Remittance Reconciliation
Principle 03Validated before it processesRemittances arrived as folders of Excel files, and someone had to open each one just to find a few values and check them against the source — account by account, every day. This points at the folder instead: it scans the new files, compares each value to the source, flags only the mismatches, and writes the result to the shared log in the exact format the team already documents. The reconciliation a person used to do by eye, done in one pass.
SheetJS
batch compare
+ shared log
~2 min / batch
Point it at the folder. Get back only what needs a human.
Point
Aim the tool at the source folder of remittance files — no copying, no opening.
Scan
It reads every new Excel file in the folder in one batch.
Compare
Each value is checked against the source file and the account name.
Flag
Matches pass silently; only mismatches are surfaced as warnings.
Log
One click writes the result to the shared log in the team’s existing format.
Every value checked — only the exceptions surface.
A person scanning hundreds of figures by eye misses things when they’re tired. The scan checks all of them the same way and only asks for attention where a number doesn’t agree with its source.
The matches stay quiet; the few that don’t match are the whole point.
Source value vs. remittance value — line by line.

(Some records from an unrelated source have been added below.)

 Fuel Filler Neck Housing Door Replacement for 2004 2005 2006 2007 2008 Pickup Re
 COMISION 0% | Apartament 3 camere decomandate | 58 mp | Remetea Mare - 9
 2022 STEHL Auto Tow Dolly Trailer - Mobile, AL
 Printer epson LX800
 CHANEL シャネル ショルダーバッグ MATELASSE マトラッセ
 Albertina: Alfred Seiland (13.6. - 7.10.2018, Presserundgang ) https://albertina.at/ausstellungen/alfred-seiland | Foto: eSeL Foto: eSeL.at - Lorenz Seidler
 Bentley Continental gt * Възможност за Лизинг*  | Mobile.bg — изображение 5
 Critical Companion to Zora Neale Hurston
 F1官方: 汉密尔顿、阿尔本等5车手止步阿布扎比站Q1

The comparison isn’t a guess. Each remittance figure is matched against the source file and the account name, so a flag is something you can act on, not a maybe.
Fifteen minutes a file became two minutes a batch.
Opening files one at a time to hunt for values became a single folder scan, and the output lands in the same shared log the team already keeps — no new process to learn.
The documentation they relied on is produced for them, consistently, as a byproduct of the run.
A web app over a shared log — no installs.
Google Apps Script · SheetJS · HTML5/CSS3 · JavaScript — pointed at the team’s folder, backed by a shared database.